### EXERCISE INSTRUCTIONS
Output only the lines of the entries that follow, starting at the one with "Hey guys, today" and running down to the one with "Some parsing algorithms", both included and unchanged.

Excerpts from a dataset
- Opening Delimiter -

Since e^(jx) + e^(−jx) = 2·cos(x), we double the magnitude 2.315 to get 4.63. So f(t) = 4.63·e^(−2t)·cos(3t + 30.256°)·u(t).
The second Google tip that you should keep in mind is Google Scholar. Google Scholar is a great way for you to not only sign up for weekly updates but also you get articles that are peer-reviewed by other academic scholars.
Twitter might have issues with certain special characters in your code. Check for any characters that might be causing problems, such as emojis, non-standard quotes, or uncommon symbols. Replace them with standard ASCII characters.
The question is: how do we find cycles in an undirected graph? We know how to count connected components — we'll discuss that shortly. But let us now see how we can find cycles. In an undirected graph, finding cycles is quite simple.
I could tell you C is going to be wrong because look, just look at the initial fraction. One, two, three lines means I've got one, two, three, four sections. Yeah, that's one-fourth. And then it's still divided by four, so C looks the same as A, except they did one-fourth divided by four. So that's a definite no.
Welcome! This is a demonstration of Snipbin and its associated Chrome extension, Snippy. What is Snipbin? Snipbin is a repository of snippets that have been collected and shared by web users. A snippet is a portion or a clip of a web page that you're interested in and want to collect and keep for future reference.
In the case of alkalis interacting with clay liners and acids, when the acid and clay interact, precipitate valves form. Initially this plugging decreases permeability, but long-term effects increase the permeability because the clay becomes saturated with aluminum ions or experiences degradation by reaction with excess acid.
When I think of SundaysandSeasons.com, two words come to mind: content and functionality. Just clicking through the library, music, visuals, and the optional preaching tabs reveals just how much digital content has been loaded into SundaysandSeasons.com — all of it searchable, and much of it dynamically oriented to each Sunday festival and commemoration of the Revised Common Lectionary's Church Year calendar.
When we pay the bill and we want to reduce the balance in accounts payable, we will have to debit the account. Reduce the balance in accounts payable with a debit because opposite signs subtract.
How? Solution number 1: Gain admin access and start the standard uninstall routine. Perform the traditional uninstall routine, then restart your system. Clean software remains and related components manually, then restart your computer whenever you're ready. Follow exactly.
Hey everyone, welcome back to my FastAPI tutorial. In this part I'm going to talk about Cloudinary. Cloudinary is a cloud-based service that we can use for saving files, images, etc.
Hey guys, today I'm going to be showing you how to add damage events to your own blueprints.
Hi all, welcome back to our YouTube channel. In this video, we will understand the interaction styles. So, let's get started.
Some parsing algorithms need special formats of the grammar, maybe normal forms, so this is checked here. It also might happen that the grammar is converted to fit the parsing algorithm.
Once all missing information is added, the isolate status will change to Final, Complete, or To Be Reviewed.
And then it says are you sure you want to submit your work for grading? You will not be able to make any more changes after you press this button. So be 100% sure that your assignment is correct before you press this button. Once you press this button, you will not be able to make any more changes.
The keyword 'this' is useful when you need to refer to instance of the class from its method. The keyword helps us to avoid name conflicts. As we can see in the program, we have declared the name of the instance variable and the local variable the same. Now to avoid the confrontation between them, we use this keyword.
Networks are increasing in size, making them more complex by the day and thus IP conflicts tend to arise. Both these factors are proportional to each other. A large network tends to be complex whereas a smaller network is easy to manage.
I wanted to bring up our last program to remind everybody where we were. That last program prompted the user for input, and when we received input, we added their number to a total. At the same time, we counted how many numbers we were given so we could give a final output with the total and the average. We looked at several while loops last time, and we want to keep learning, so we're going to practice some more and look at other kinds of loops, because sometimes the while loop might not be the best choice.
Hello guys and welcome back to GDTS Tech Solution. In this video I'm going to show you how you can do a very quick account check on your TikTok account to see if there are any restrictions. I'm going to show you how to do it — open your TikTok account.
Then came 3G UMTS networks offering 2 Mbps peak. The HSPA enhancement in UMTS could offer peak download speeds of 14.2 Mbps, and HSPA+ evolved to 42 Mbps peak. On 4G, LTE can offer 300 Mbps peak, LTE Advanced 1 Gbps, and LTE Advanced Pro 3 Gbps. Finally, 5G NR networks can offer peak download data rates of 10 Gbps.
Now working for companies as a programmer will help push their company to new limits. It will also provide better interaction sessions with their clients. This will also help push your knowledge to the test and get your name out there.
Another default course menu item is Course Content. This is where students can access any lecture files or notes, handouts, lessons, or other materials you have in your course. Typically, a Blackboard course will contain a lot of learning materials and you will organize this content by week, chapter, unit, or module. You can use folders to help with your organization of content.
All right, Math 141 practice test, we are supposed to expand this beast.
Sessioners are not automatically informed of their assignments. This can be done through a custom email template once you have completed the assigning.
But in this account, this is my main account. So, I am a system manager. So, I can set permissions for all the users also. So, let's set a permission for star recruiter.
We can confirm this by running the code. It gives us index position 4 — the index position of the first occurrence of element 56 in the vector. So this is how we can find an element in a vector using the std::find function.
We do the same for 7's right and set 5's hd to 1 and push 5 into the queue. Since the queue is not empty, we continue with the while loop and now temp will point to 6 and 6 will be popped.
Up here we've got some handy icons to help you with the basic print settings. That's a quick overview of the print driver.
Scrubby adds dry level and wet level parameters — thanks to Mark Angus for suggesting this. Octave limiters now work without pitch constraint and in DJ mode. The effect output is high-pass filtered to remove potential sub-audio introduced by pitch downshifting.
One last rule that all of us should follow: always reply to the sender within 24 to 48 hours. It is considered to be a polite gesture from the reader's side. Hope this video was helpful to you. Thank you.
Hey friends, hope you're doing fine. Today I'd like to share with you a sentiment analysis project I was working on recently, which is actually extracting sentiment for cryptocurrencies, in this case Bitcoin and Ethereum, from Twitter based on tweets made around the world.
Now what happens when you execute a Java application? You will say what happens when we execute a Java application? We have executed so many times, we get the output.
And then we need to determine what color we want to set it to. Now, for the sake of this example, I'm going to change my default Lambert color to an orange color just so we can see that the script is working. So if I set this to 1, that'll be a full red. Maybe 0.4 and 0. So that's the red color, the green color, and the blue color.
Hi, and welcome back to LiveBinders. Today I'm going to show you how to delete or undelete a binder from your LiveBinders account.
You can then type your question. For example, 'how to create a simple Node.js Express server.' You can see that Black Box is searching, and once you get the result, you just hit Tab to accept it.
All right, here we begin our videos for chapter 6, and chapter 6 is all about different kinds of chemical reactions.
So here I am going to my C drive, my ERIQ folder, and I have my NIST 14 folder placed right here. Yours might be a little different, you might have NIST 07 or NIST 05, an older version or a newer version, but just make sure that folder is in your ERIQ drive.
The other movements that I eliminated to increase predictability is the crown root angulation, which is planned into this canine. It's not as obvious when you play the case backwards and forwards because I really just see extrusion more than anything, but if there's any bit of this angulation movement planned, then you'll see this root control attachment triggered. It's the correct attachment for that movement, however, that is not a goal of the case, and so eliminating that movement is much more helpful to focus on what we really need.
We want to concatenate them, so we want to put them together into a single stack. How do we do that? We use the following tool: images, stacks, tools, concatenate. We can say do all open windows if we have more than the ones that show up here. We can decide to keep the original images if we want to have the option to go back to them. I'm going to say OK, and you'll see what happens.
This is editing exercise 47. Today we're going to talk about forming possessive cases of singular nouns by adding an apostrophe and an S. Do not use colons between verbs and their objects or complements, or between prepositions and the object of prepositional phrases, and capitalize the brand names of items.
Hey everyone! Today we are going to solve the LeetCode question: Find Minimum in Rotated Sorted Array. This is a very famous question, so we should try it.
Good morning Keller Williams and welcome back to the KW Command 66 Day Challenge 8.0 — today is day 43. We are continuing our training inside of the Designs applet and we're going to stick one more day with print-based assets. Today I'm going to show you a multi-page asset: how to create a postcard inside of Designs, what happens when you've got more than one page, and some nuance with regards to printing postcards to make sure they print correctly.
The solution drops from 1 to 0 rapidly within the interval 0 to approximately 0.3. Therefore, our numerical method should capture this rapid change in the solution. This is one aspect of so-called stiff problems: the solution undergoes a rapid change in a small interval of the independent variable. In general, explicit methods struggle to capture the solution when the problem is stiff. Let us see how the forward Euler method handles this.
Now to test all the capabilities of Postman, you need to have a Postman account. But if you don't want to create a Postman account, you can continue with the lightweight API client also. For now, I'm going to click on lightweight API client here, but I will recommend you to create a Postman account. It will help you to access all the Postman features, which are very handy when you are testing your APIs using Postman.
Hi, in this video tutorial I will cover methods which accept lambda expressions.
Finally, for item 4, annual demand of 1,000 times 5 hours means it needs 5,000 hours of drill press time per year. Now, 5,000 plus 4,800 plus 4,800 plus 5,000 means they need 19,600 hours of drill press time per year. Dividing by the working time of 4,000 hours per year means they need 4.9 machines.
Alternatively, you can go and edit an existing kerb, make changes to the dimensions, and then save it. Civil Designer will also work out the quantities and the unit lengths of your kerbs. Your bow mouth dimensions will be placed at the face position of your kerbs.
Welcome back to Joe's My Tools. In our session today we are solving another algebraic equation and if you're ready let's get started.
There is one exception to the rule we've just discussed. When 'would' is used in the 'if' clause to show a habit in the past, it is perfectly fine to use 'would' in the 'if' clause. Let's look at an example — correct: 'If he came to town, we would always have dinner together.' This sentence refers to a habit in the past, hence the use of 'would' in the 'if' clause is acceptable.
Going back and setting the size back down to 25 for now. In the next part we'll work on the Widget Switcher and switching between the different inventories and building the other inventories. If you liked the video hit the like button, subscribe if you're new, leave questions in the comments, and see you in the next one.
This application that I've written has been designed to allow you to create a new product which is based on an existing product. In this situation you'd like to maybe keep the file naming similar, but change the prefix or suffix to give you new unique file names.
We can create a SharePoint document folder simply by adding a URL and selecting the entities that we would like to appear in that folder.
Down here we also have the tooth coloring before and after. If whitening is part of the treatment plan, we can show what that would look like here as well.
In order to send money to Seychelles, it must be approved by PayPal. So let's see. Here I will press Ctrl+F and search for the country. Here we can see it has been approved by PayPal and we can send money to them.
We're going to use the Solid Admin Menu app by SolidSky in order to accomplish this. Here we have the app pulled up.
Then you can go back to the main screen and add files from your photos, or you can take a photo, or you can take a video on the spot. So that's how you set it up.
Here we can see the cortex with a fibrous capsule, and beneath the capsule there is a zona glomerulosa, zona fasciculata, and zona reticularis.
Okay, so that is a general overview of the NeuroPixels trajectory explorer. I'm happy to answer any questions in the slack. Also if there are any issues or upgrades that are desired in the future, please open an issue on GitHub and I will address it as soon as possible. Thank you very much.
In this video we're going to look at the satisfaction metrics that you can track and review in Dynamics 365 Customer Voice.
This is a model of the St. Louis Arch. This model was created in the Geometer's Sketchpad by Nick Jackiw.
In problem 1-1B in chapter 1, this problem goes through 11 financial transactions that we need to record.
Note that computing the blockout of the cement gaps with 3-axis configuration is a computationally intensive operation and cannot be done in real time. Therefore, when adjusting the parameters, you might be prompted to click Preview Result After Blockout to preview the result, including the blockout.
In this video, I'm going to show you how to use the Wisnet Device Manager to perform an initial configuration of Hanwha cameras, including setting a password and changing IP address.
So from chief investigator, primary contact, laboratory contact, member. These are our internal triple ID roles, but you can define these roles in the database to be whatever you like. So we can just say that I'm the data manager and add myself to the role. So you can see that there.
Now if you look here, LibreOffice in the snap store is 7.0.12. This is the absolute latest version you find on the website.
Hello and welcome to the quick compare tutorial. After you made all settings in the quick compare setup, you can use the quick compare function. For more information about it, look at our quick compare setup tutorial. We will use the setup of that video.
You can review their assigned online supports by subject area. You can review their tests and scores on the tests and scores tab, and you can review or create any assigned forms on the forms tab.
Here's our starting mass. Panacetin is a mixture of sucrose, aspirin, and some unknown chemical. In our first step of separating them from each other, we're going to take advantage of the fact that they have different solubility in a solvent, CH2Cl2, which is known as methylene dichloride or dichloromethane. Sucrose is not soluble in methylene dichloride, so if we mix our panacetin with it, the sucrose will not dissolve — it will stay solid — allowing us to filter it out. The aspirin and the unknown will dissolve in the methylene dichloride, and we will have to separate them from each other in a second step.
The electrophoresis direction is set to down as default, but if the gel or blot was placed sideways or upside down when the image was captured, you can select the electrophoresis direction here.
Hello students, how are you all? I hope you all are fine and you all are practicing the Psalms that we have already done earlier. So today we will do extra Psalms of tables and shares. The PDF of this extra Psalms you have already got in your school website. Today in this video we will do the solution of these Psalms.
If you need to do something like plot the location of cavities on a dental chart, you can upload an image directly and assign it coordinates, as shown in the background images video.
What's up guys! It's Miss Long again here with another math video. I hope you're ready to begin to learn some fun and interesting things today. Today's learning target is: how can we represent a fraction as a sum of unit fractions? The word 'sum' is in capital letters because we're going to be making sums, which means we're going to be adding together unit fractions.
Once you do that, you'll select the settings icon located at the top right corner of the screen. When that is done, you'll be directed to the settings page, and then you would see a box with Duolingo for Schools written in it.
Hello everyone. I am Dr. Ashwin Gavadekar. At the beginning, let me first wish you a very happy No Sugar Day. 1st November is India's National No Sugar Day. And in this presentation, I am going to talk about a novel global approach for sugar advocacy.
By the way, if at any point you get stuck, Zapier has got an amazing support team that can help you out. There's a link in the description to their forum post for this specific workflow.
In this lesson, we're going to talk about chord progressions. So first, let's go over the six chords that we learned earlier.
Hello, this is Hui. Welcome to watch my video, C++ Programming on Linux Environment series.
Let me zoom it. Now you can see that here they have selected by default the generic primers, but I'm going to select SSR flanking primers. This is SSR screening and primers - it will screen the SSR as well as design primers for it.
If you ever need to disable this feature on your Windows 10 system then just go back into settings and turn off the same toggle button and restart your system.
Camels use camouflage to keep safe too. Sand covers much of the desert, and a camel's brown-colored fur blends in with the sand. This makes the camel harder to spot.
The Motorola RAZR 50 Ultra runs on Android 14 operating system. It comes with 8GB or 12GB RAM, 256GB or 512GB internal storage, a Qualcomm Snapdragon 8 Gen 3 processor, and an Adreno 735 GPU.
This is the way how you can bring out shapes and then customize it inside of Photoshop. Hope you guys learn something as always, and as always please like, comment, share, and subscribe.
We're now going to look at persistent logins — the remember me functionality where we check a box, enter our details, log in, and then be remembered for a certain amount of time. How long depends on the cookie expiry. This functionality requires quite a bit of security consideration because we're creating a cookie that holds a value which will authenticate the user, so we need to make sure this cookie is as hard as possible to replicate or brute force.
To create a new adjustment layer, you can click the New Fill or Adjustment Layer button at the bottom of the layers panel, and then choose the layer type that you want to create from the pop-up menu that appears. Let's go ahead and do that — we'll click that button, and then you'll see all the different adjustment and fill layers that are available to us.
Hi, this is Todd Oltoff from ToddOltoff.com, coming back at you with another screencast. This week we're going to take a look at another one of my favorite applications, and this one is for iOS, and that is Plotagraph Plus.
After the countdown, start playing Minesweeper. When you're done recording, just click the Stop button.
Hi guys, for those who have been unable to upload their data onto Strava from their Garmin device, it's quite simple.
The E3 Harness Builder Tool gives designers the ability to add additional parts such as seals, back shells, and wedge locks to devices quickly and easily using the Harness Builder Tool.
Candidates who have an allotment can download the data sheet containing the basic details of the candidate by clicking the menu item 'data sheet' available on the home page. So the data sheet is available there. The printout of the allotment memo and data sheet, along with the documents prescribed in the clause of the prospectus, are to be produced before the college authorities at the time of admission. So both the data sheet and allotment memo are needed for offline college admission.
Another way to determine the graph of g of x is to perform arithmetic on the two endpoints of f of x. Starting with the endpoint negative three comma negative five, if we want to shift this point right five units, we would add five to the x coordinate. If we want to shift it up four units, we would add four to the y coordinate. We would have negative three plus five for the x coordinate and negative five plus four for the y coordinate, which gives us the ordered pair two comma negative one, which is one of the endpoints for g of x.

- Closing Delimiter -

### ANSWER BELOW
Hey guys, today I'm going to be showing you how to add damage events to your own blueprints.
Hi all, welcome back to our YouTube channel. In this video, we will understand the interaction styles. So, let's get started.
Some parsing algorithms need special formats of the grammar, maybe normal forms, so this is checked here. It also might happen that the grammar is converted to fit the parsing algorithm.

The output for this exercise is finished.